Group share of net profit rose 9 percent to 3.27 billion euros in the first half, while profit from recurring operations advanced 14 percent to 5.29 billion euros, with an operating profit margin of 21.1 percent, reflecting a negative foreign exchange impact.
The luxury giant said sales in the fashion and leather goods division, which includes Fendi, Dior and Givenchy, jumped 20 percent on a like-for-like basis to 5.31 billion euros during the quarter, zooming past consensus estimates.
The division had posted organic growth of 13 percent in the same period a year ago, and recorded a 15 percent rise in like-for-like sales in the first quarter.
Fashion and leather goods outperformed all other segments.

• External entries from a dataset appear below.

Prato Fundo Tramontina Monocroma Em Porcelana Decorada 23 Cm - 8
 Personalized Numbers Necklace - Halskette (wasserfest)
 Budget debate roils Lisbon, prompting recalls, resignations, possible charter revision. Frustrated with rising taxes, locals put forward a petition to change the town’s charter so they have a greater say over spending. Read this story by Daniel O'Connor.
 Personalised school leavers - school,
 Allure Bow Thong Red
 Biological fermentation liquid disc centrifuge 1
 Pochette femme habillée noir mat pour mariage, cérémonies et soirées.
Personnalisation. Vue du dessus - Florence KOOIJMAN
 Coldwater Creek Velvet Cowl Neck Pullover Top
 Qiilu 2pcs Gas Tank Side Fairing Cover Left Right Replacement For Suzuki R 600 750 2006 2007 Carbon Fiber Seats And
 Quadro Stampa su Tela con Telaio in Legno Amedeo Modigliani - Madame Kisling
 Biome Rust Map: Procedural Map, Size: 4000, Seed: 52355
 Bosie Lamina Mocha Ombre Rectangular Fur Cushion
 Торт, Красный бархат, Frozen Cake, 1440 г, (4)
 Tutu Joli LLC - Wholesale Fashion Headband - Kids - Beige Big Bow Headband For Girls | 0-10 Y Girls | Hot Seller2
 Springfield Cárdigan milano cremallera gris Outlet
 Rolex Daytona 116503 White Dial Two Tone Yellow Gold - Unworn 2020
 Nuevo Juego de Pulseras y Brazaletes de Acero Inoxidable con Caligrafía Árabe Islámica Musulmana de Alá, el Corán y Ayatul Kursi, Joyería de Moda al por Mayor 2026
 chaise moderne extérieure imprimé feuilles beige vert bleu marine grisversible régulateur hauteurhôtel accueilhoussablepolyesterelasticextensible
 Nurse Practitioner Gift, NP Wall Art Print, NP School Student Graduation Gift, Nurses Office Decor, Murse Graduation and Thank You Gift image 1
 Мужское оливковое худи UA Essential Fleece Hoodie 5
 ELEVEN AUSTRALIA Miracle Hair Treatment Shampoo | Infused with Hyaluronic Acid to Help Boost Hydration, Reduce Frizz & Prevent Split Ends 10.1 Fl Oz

Wines and spirits were up 4 percent, while perfumes and cosmetics recorded organic growth of 10 percent. Selective retailing grew 7 percent, and watches and jewelry posted a 4 percent increase.
LVMH does not provide guidance, merely reiterating in familiar wording its plan to reinforce its global leadership position in luxury goods.
“Despite buoyant demand, we will continue to manage costs and remain vigilant into the second half of the year,” Bernard Arnault, chairman and chief executive officer of LVMH, said in a statement.
The luxury conglomerate’s share price is up 47 percent so far this year, propelling Arnault near the top of the Bloomberg Billionaires Index, where he briefly replaced Bill Gates as the world’s second richest person after Amazon founder and CEO Jeff Bezos. Arnault is now back in third position, with a net worth of $106 billion.